Step Two – Fighting Criminals not Law Abiding Firearms Owners
Fighting crime is difficult. There are no easy answers and solutions are generally long-tail programs with societal or community involvement.
The latest report out of StatsCan show that violent crime is usually committed by males under the age of 25, and in 2020, police reported a total of 743 homicide victims in Canada or a rate of 1.95 per 100,000 population. For 277 of these victims, a firearm was used to commit the homicide (for a rate of 0.73 homicides per 100,000 population). More than six in ten (63%) of the firearm-related violent crime in urban areas involved handguns. In rural areas, the firearm present was most commonly a rifle or shotgun. Over four out of five (83%) victims of violent crime where a firearm was present were either not injured (61%) or they sustained a minor injury that required no professional medical treatment or only some first aid (22%). Victims of firearm-related violent crime were less likely to be injured than victims where no firearm was present, but were more likely to sustain a serious injury or die. Firearm-related violent crime typically represents less than 3% of police-reported violent crime in Canada; nevertheless, it has a significant emotional and physical impact on victims, families and communities.
In April 2020, 22 people were killed in a mass shooting in Nova Scotia, the deadliest mass shooting in Canadian history. In particular, the Nova Scotia shooting led to a ban on assault-style firearms and renewed discussions around gun control and access to illegal weapons.
Unfortunately, the emphasis is on gun control and not access to illegal weapons. On May 30, 2022 the federal government announced that it is preparing to criminalize licensed gun owners who buy, sell or give away any handgun and will begin confiscating their legally owned and handled handguns. It must be pointed out that in researching this article I could not find one incident where a legal, licensed handgun owned by a PAL or RPAL holder was used in any violent crime. To the contrary, every violent crime where the firearms were able to be traced back to their origin, came from the United States and were smuggled into Canada.

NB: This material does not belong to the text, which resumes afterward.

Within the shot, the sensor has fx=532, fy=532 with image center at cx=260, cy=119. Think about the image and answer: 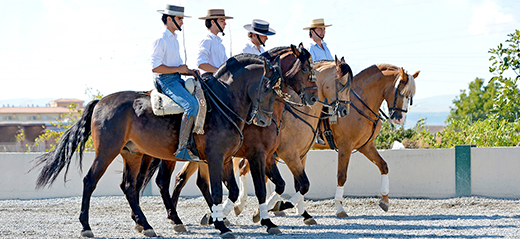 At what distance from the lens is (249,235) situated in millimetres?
6777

Step Three – Crimes, Punishments, and Maybe Some Solutions
Now we know that crime involving firearms is less than 3% of violent crime in Canada. We know that it is young men under the age of 25 who are most likely to commit these crimes. We also know that the weapons used are being smuggled into Canada illegally. We know that it is not licensed gun owners or their firearms that are committing these offenses.

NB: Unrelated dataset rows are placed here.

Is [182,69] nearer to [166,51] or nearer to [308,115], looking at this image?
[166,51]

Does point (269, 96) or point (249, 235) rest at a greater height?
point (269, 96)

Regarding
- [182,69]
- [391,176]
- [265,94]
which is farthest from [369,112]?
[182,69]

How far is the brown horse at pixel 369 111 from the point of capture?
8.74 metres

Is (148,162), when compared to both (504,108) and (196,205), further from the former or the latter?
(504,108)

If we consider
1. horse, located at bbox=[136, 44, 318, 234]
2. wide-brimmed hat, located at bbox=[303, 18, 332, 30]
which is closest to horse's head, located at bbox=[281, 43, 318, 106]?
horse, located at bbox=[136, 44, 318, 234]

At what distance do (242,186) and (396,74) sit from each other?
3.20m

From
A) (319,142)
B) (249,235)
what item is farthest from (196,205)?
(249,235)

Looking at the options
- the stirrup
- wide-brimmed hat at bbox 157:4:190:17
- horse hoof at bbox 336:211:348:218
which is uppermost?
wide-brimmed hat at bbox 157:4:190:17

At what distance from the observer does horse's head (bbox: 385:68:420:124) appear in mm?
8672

Conclusion: these punitive gun control laws are completely missing the target. If you want to stop crime, you have to look at who is committing the crime, how and why they are doing it. Blaming law-abiding, heavily regulated members of society, seizing their property, and turning them into criminals with the flick of a pen is not really fighting crime.

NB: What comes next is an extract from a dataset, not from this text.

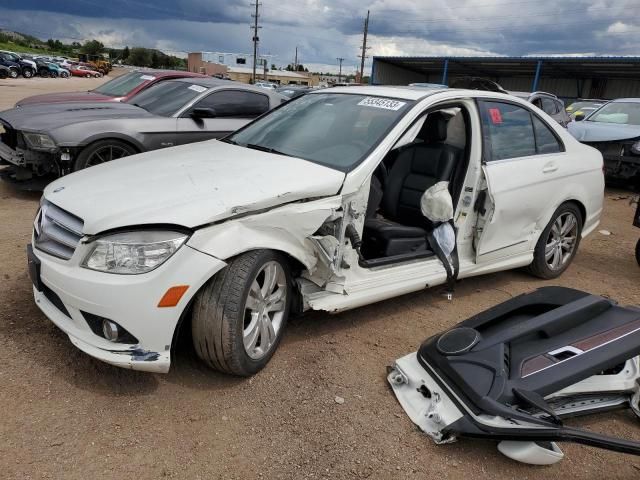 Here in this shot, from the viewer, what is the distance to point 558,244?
4770 millimetres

We have to ask, what is going on in these young men’s lives that they resort to violent crime? Disadvantaged communities, social stresses, and gangs play a part. Mental health issues are certainly one of the roots and we know that in Canada we have a devastating mental health crisis along with serious substance abuse problem.
Securing resources to support communities and individuals with mental health care, social and economic provisions and a a robust substance abuse rehabilitation program would be a good start in facing these issues. Securing our borders to ensure illegal guns are not crossing into Canada along with heavy penalties for anyone caught with an ILLEGAL firearm would also be helpful.
And here’s an idea to really rock the boat – more education and promotion for Canadians to obtain their PAL! Nobody says you have to own a firearm, but if you know the laws and understand how to handle a firearm, you’re going to be able to discern facts from the sensational rhetoric surrounding gun control in Canada.